Exercise instructions. Without the pictures, write out all the lines below exactly as they appear.

[Dataset entries]
───

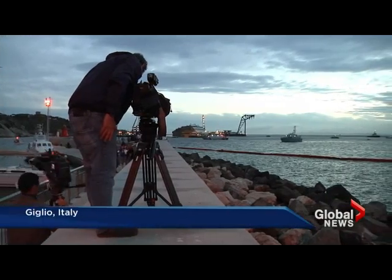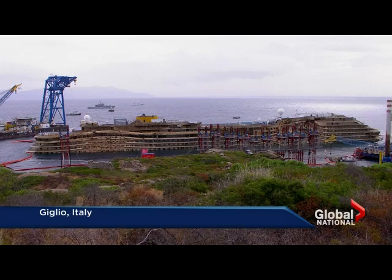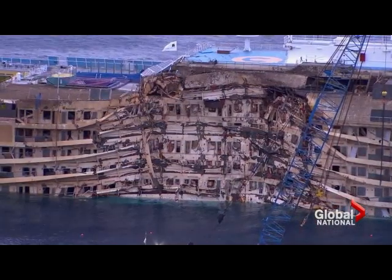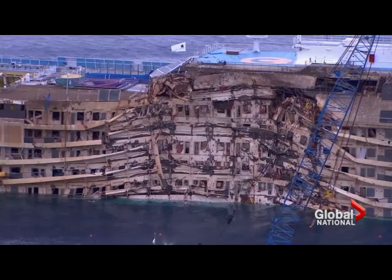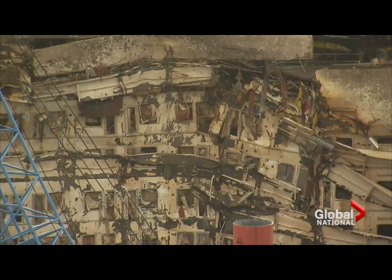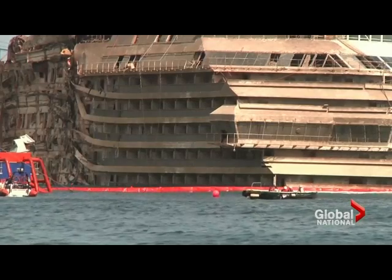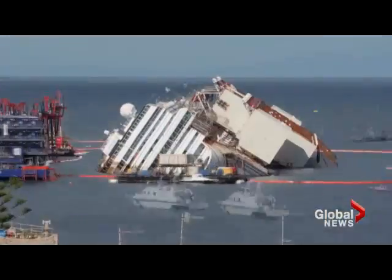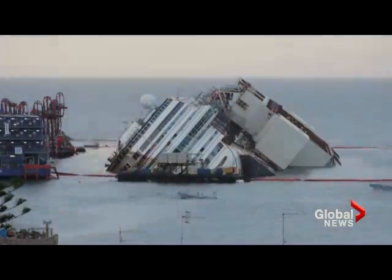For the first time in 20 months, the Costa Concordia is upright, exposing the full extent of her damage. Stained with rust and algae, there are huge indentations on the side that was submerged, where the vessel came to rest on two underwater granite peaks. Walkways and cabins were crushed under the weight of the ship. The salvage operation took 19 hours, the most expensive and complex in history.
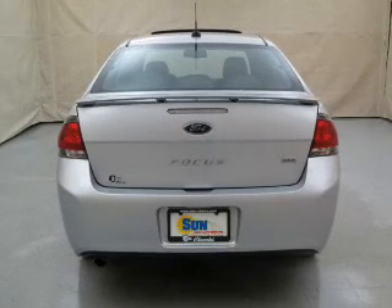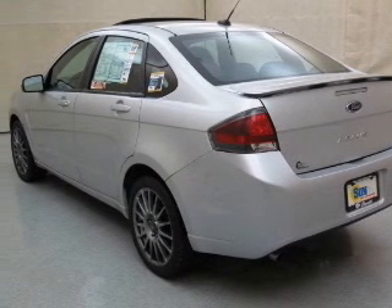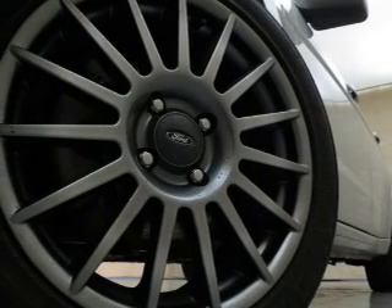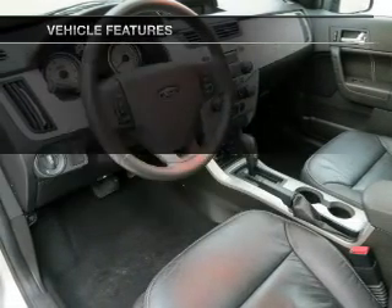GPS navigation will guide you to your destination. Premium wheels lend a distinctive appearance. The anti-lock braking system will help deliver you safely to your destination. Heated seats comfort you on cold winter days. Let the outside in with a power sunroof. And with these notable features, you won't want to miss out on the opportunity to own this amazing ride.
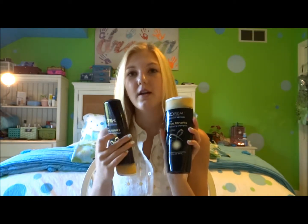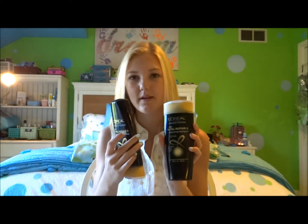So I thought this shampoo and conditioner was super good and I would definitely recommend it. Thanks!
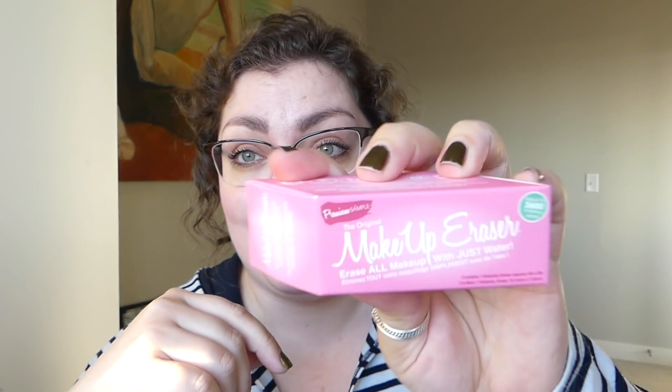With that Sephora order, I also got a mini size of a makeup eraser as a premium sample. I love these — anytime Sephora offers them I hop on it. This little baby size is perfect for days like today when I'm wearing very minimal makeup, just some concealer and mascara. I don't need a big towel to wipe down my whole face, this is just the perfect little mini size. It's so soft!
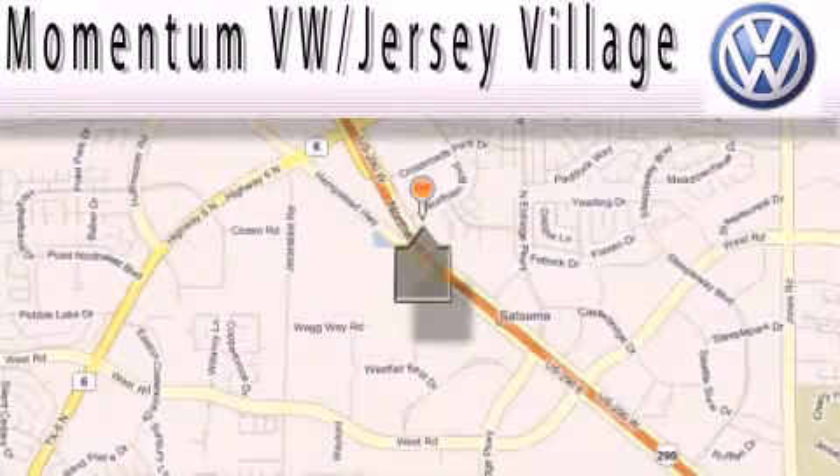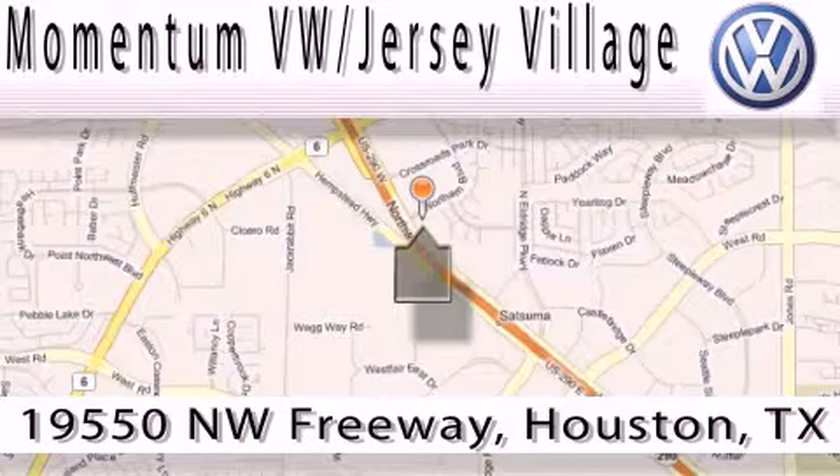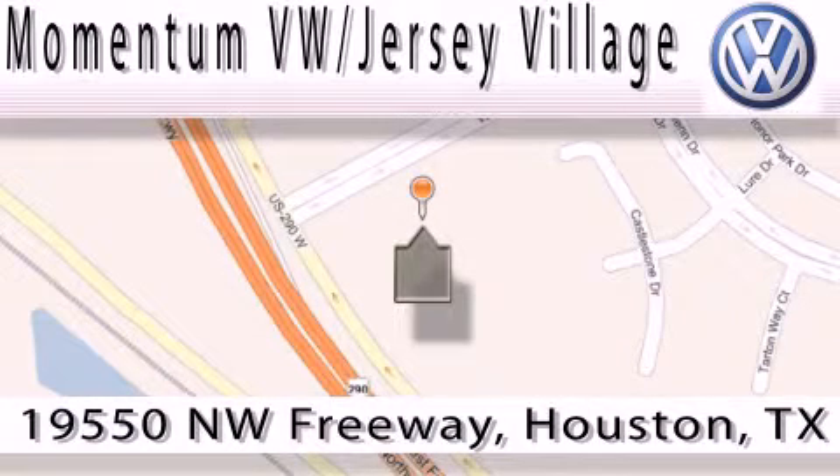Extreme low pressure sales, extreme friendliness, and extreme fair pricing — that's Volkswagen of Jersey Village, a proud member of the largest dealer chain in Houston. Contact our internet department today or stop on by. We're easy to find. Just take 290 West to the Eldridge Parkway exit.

───

Answer to this exercise.
For the first time in 20 months, the Costa Concordia is upright, exposing the full extent of her damage. Stained with rust and algae, there are huge indentations on the side that was submerged, where the vessel came to rest on two underwater granite peaks. Walkways and cabins were crushed under the weight of the ship. The salvage operation took 19 hours, the most expensive and complex in history.
GPS navigation will guide you to your destination. Premium wheels lend a distinctive appearance. The anti-lock braking system will help deliver you safely to your destination. Heated seats comfort you on cold winter days. Let the outside in with a power sunroof. And with these notable features, you won't want to miss out on the opportunity to own this amazing ride.
So I thought this shampoo and conditioner was super good and I would definitely recommend it. Thanks!
With that Sephora order, I also got a mini size of a makeup eraser as a premium sample. I love these — anytime Sephora offers them I hop on it. This little baby size is perfect for days like today when I'm wearing very minimal makeup, just some concealer and mascara. I don't need a big towel to wipe down my whole face, this is just the perfect little mini size. It's so soft!
Extreme low pressure sales, extreme friendliness, and extreme fair pricing — that's Volkswagen of Jersey Village, a proud member of the largest dealer chain in Houston. Contact our internet department today or stop on by. We're easy to find. Just take 290 West to the Eldridge Parkway exit.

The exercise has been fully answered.